→ PROVIDED INFORMATION

::::

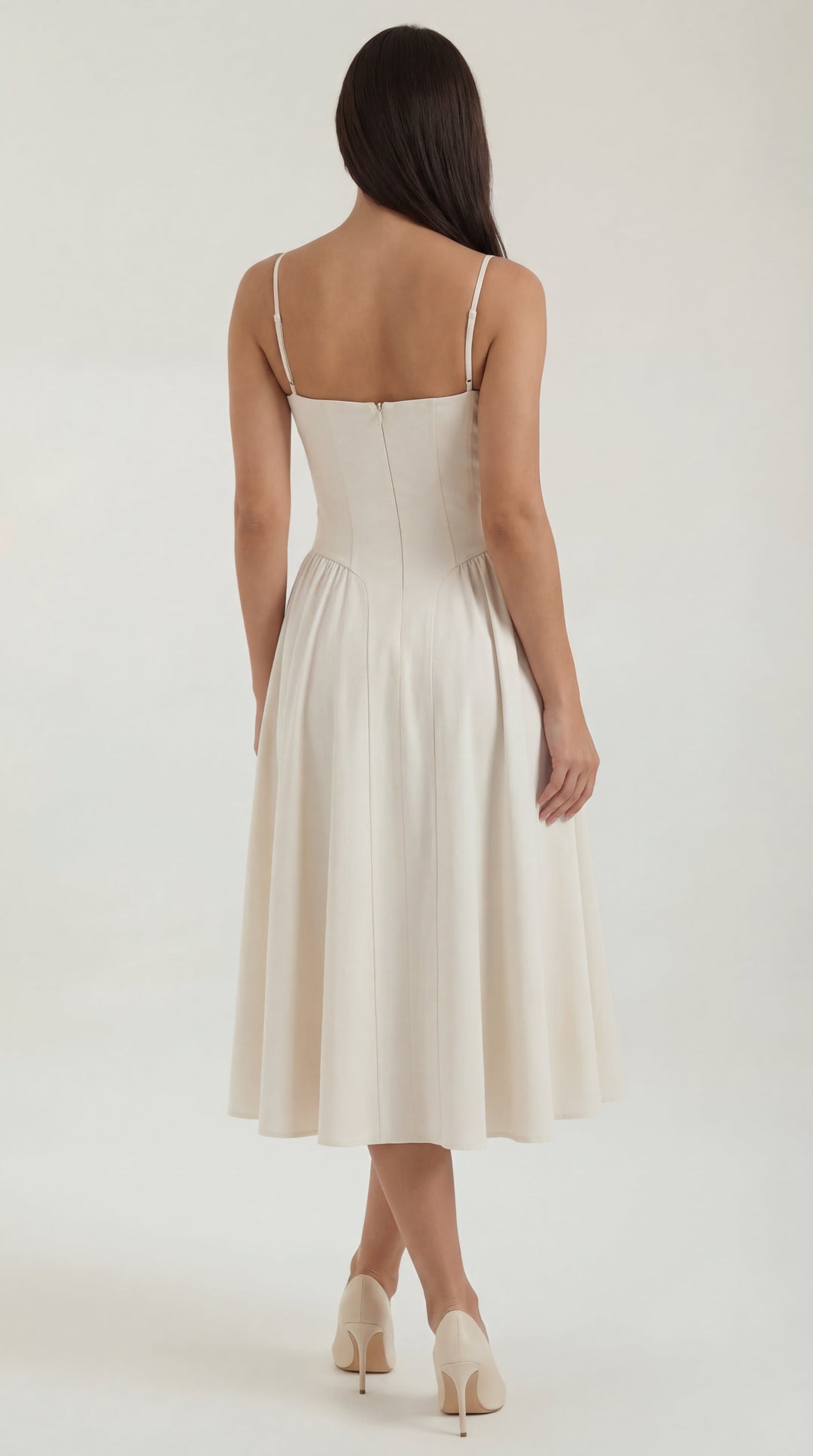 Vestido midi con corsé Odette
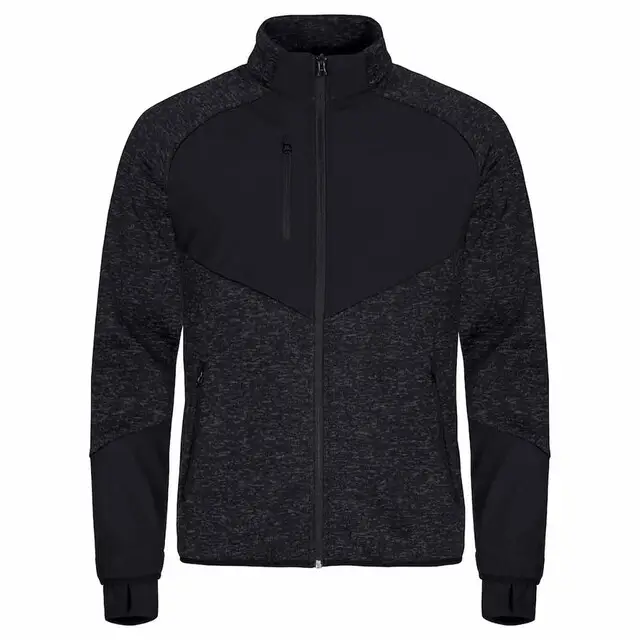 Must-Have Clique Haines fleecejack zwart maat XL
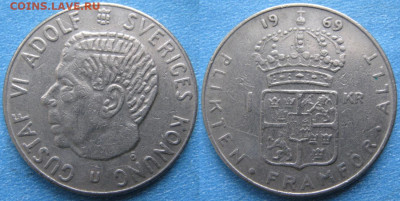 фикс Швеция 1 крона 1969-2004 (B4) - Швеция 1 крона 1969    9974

::::

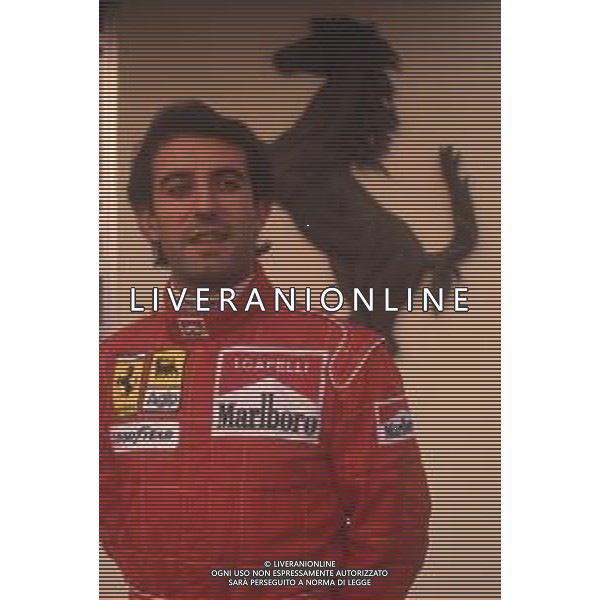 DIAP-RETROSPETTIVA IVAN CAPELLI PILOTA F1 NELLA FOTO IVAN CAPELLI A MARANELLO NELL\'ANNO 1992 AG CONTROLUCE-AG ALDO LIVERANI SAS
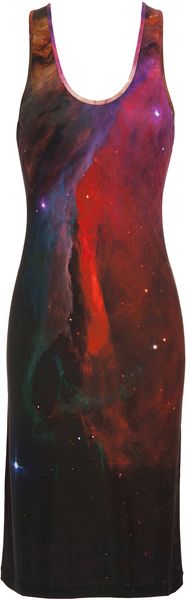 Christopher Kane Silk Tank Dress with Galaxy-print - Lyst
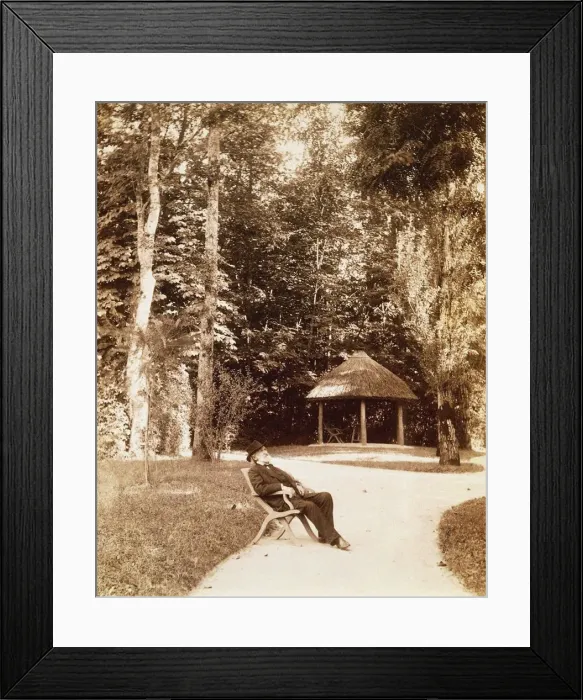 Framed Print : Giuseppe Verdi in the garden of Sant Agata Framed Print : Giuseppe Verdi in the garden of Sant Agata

::::

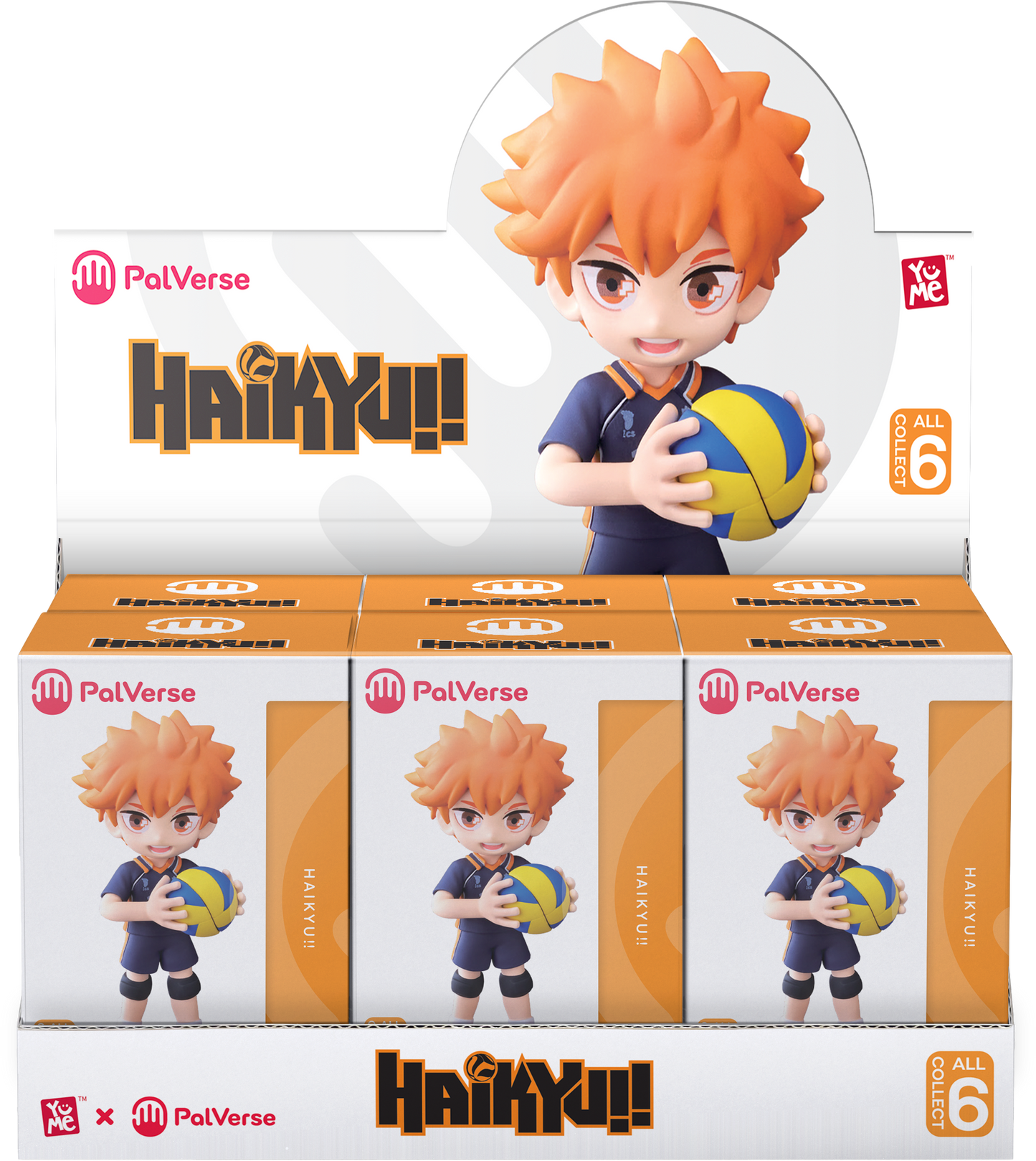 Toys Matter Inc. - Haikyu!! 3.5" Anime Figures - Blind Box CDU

::::

→ PROBLEM REQUIREMENTS
What belongs in the answer is each line above from the line with "Must-Have Clique Haines" to the line with "фикс Швеция 1", inclusive, reproduced exactly and free of pictures.

→ RESULT
 Must-Have Clique Haines fleecejack zwart maat XL
 фикс Швеция 1 крона 1969-2004 (B4) - Швеция 1 крона 1969    9974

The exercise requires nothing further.